Hulkenberg nie rezygnuje
Nico Hulkenberg jest bliski objęcia posady kierowcy rezerwowego w jednym z zespołów F1.

Po utracie miejsca w Renault, w zeszłym roku Hulkenberg był trzykrotnie wzywany przez Racing Point do zastąpienia niedysponowanych Sergio Pereza i Lance’a Strolla.
Oczekuje się, że w sezonie 2021 zostanie potwierdzony w roli rezerwowego w Mercedesie, również z tymi samymi obowiązkami w ich klienckiej ekipie Aston Martin.

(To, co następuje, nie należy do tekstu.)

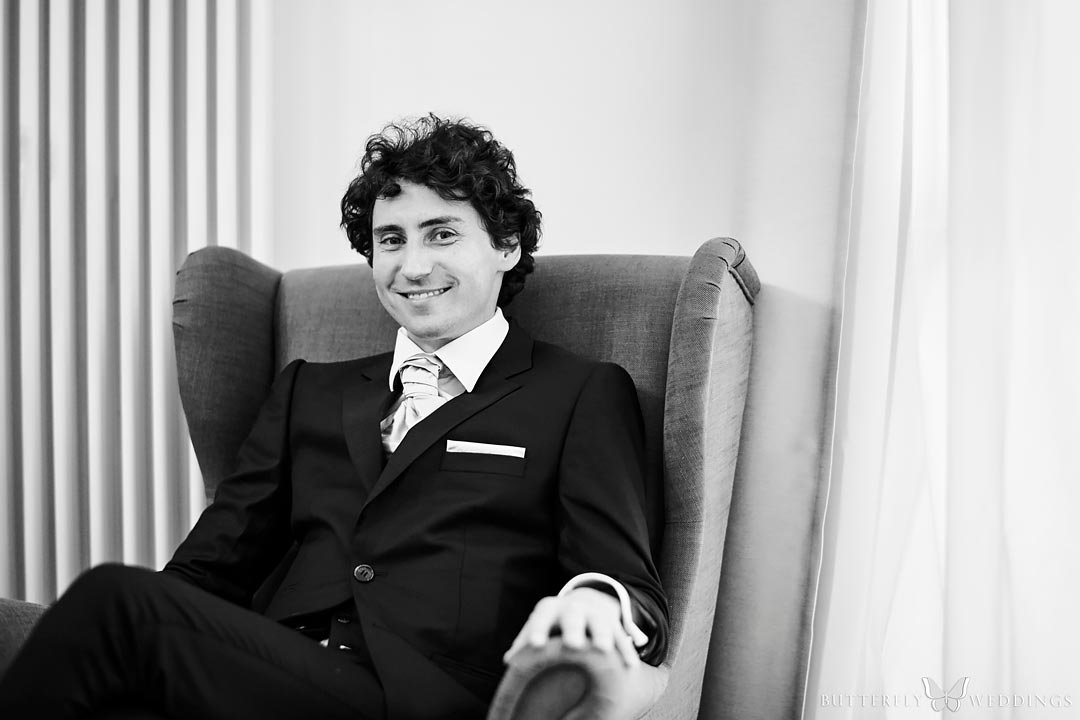 Groom wedding photo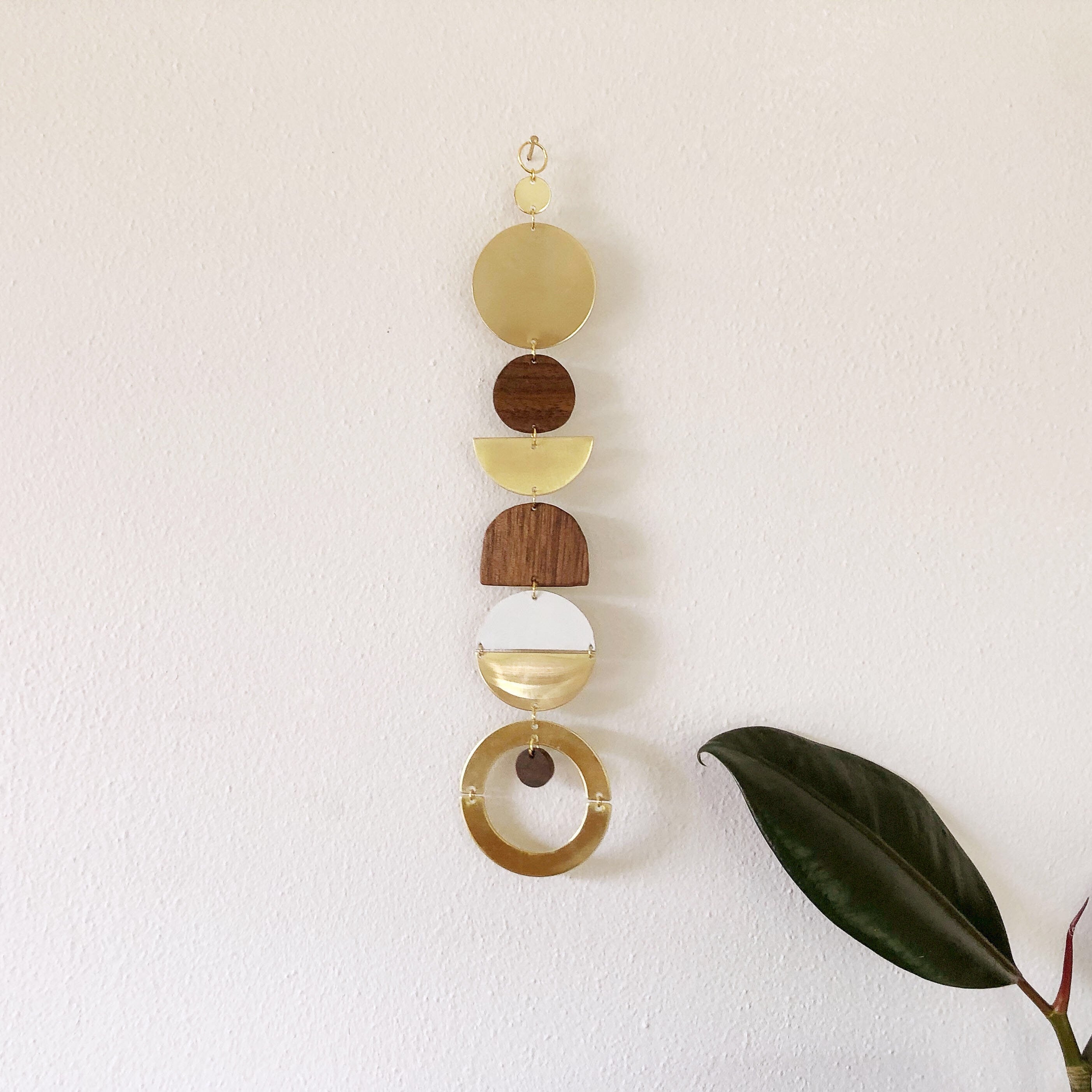 The GENSEN MID CENTURY wall hanging/wall jewelry/wall decor/walnut art/moon wall decor/wall accessory/midcentury jewelry/home gift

Mówi się też o McLarenie, który wrócił do współpracy z niemieckim producentem jeśli chodzi o dostawy jednostek napędowych.
Niemiec dodatkowo podjął się roli eksperta w Servus TV, która nabyła prawa do transmitowania F1.
- Można pogodzić rolę kierowcy rezerwowego i komentatora telewizyjnego, w przeciwnym razie byśmy o tym nie rozmawiali - przekazał Hulkenberg. - Jeśli chodzi o pracę, jako kierowca, wszystko wygląda pozytywnie. Jesteśmy bliscy sfinalizowania tego. Nie będzie to jednak pełen etat, dlatego łatwo połączyć to z moimi obowiązkami w Servus TV.
Hulkenberg ma nadzieję, że w sezonie 2022 uda mu się powrócić do regularnych startów w królowej sportów motorowych.
- Będę nieustannie krytykował moich byłych rywali i mówił o nich tak źle, aż dostanę miejsce któregoś z nich - zażartował.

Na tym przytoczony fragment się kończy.